--- PROVIDED MATERIAL Enclosed Below ---
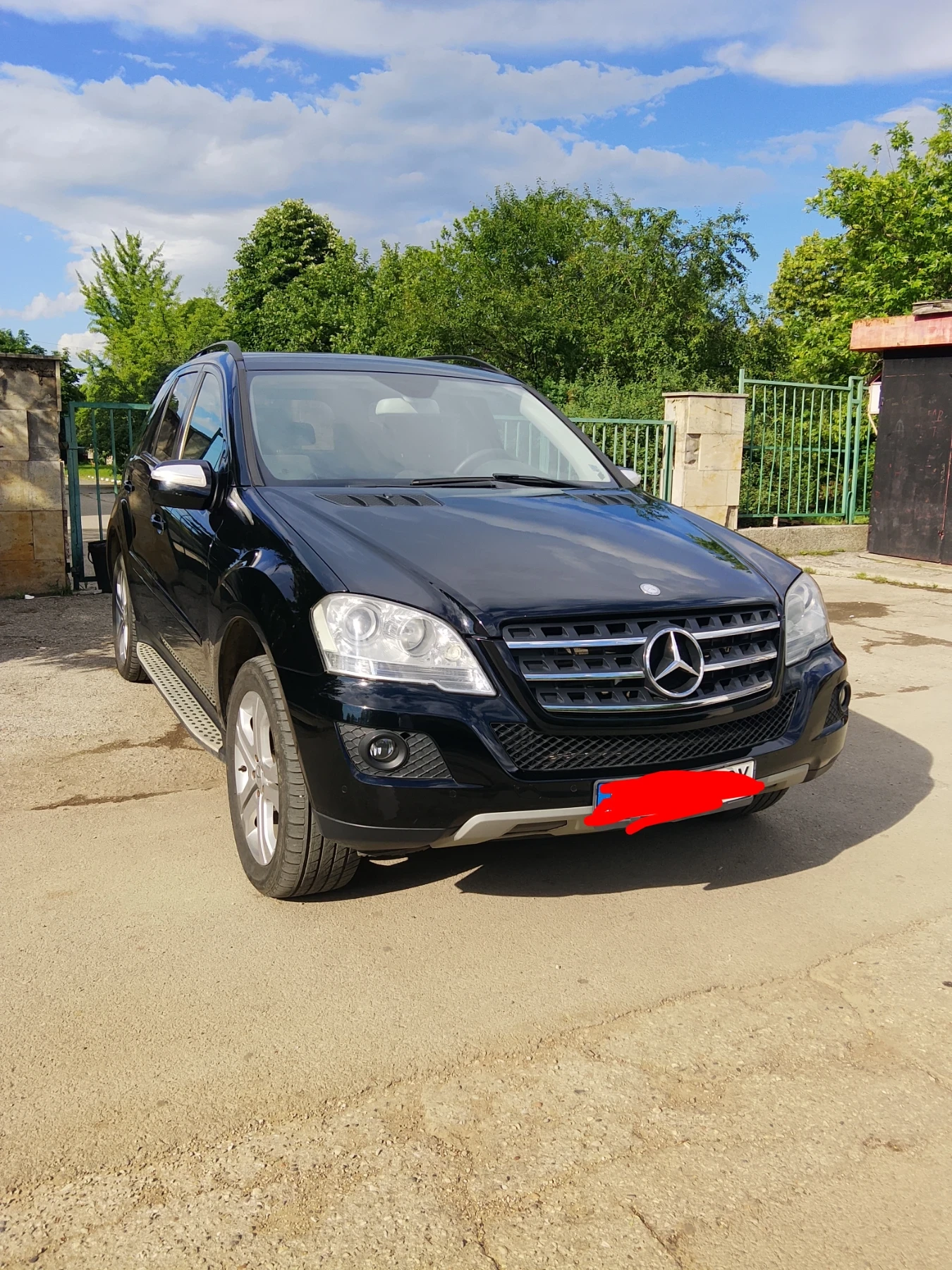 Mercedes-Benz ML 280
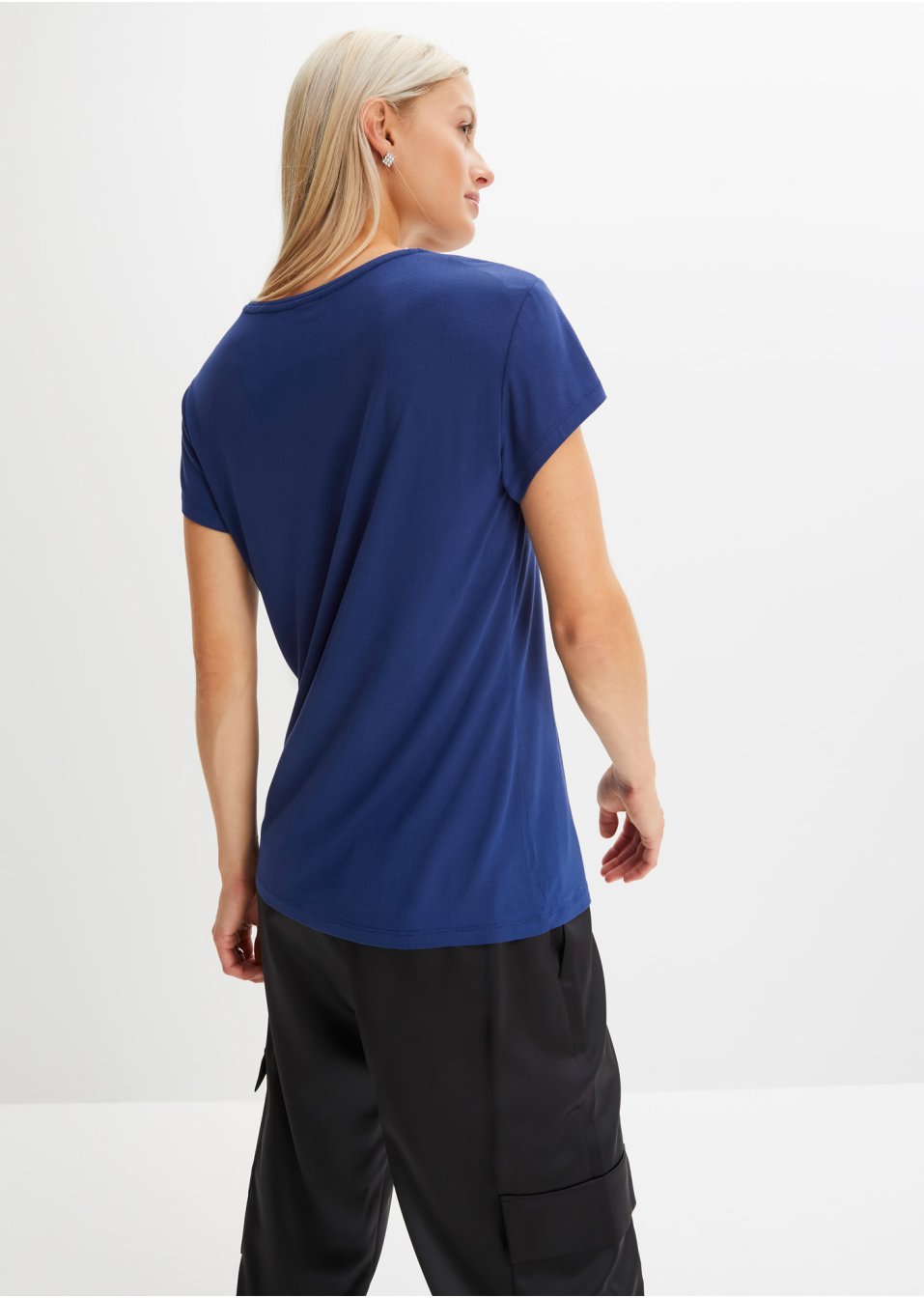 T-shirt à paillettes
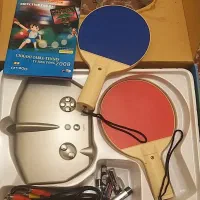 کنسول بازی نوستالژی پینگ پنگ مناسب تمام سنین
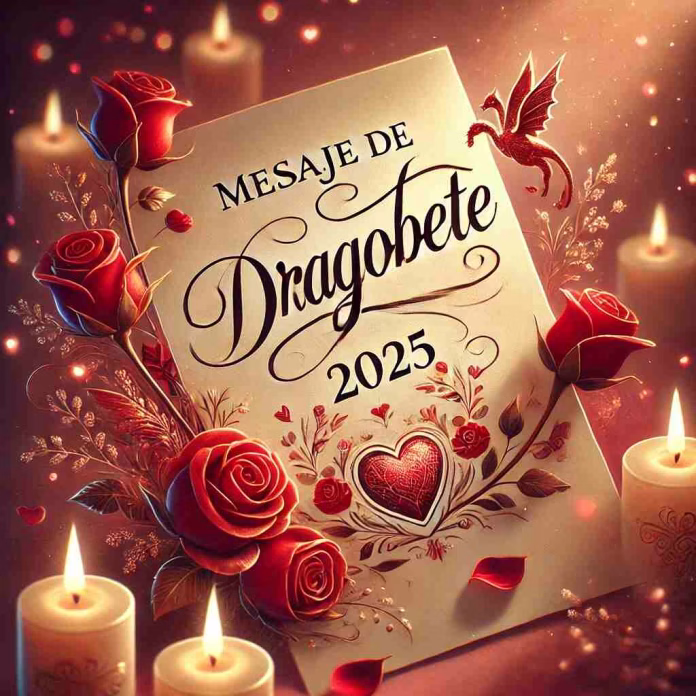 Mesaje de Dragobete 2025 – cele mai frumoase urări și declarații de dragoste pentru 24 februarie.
--- End of Enclosed PROVIDED MATERIAL ---
▶ **YOUR OBJECTIVE**: Please return the full listing word for word, but without any pictures.

▶ **RESULT FOR THIS EXERCISE**:
 Mercedes-Benz ML 280
 T-shirt à paillettes
 کنسول بازی نوستالژی پینگ پنگ مناسب تمام سنین
 Mesaje de Dragobete 2025 – cele mai frumoase urări și declarații de dragoste pentru 24 februarie.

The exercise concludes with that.